SANATTA GÖRSELLİK VE DÜŞÜNSELLİK
Görsel olan yaratım çok boyutludur, yani sadece plastik olan nesneyle sınırlı değildir. Sahne görseldir, orada oynanan tiyatro oyunu da. Sinemasal yaratım görseldir ve operadan baleye kadar görsel olan sanatların varlığı söz konusudur. Bu alan aslında zengin bir içerikle doludur. Fonetik, dilsel pek çok özellik de bazı sanat alanlarını tanımlar.
Bizim amacımız ise plastik olanla, olmayan görsel sanatlar arasında bir bağ kurmak.
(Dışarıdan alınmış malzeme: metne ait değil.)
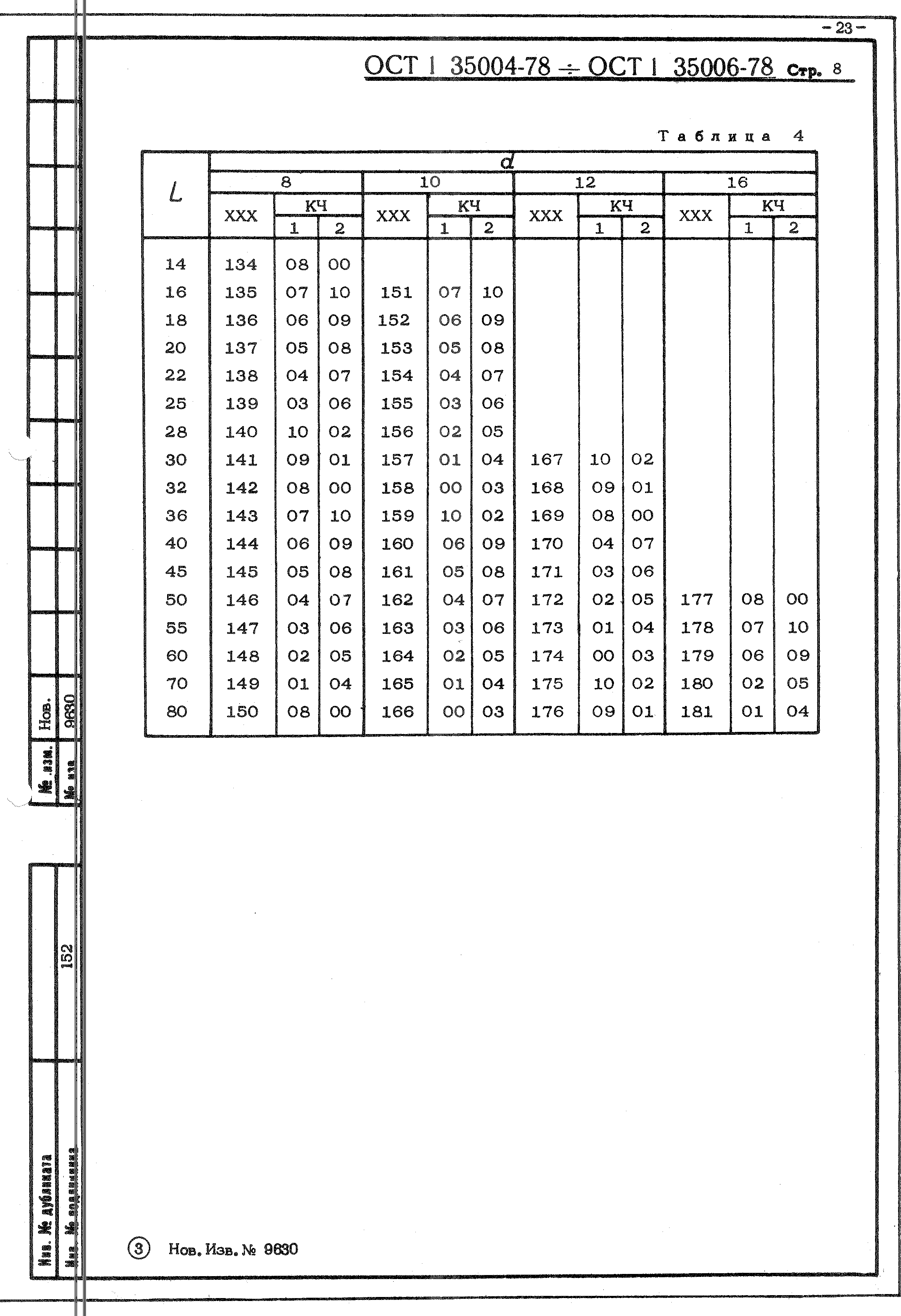 ОСТ 1 35004-78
Ve bunların yapılarını ve ilişkilerini incelemek. Tabii kısa sayfaların olanakları el verdiğince.
Tiyatro gerçekliği; kostüm, dekor bütünlüğü ve de sahnelenen şeyin varlığı nedeniyle görsellik içerir. Elbette bu görsellik de ‘plastik’ bir yapıyla bağlantılıdır; renk, biçim, görüntü anlamında. Bu görselliği, sanatsal ve estetik düzenlemeyle birlikte sunmak zorundasınızdır izleyiciye. Çağdaş bale ve opera artık teatral veya müziksel ‘yan elemanlarının’ varlığı dışında, kavramsal plastik etkiler de sunar içerdiği düşünsellik dışında izleyiciye.
Benim üzerinde yoğunlaştığım alan olan sinemaya gelince, fonetik ve görsel zenginliklerin bütünü olan ve pek çok alandan beslenen bu dal, en fazla plastik sanatlarla ilişkisi olan alan olma özelliğini korur. Görsel düzeni vizörde sağlamak renksel ve biçimsel özellikler içerir. Bunu sağlarken felsefi bütünlüğün varlığını da gözden kaçırmamak gerekir.
Görselliğin büyüsü aslında olağanüstü duyarlı ve yetenek dolu aktarımlarda ortaya çıkar. Sanatçı bu aktarımı yaşarken felsefi bakışını da ortaya koyar.
Çağın yaratım biçimini eğer Monet‘de, Cezanne‘da unuttuysak, belli anlamda yeniliğe dokunmaksızın umutsuz yaratımlar peşinde dolaşıyor olabiliriz. Leos Carax Holly Motors (Kutsal Motorlar) filminde, çağın düşünsel-kavramsal sinemasal yapısını oluşturma amacında olduğunu gösterir bize. Truffaut ve Godard‘dan farklı bir izlek sunar ve bir bakıma o tarz anlatımların geride kaldığını anlatmak derdindedir.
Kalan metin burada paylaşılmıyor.